農民暴動は組織的なものではなく自然発生的な無秩序な反乱でした。彼らは隋の悪政の代理人である憎むべき地方官を虐殺したとの事です。しかしやがてこの反乱に各地の豪族や官僚が参加し始めるのです。彼らはそれぞれに国を建て地方政権に成長して行きます。
隋は確かに中国史上でも有数の強力な王朝でした。しかし、その全国統一のスピードが余りにも早かったために依然として旧勢力の組織が各地に根強く残っていたのではないかと思います。つまりこの国は一種のモザイク状態だったのです。近年のユーゴスラビア解体における痛ましい出来事にも通じるところがあるのではないかと思います。このような組織は要としての上からの押さえが利かなくなれば自らの集団のためだけに動くものなのです。

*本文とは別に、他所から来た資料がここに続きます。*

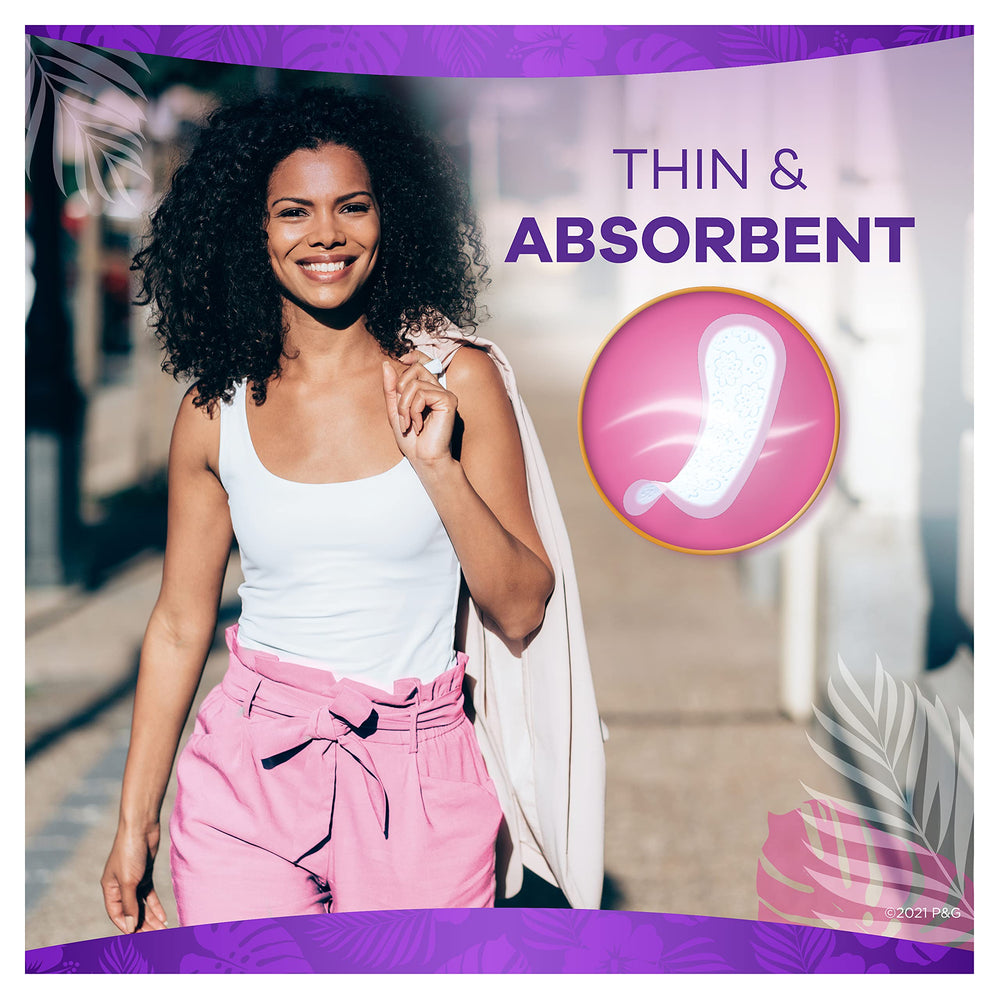 Always Thin Mince discreet packaging aids privacy on the go.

秦が短期で潰れた理由も同様ではないかと思います。
隋朝廷内の派閥闘争をみると建国に対して功績があった北周系胡族の高潁(こうけい)が失脚しています。代わって北周系漢化胡族の楊素が勢力を得しました。これは煬帝が即位するために策謀を尽くしたからだと言われています。しかし結局彼は煬帝に憎まれて失脚してしまいました。こうして高潁系統の蘇威が勢力を盛り返します。しかしこれを不満としてさらには自らの身の危険を痛感した楊素の子供である玄感が613年に反乱を起こしたのでした。この反乱は鎮圧されましたが逆に農民反乱の範囲がこれを期に中国全土へと広がったのでした。つまりこれ以前の農民暴動は高句麗遠征の被害を最も受けやすい地域である河北、山東方面に限られていたのですがこれ以降は全国的に広がって行くのです。
この結果として農民暴動を利用した軍閥に中国全土は割拠されたのでした。このようにして中国大陸は次第に軍閥による群雄割拠状態になっていきます。そしてその数は200を越えるまでに膨らんでいくのです。611年に始まった大内乱は620年になってようやく収集されるまでに約10年近くもの期間に渡り続く事になるのです。
この大乱を収集して次の大帝国を築くのが唐です。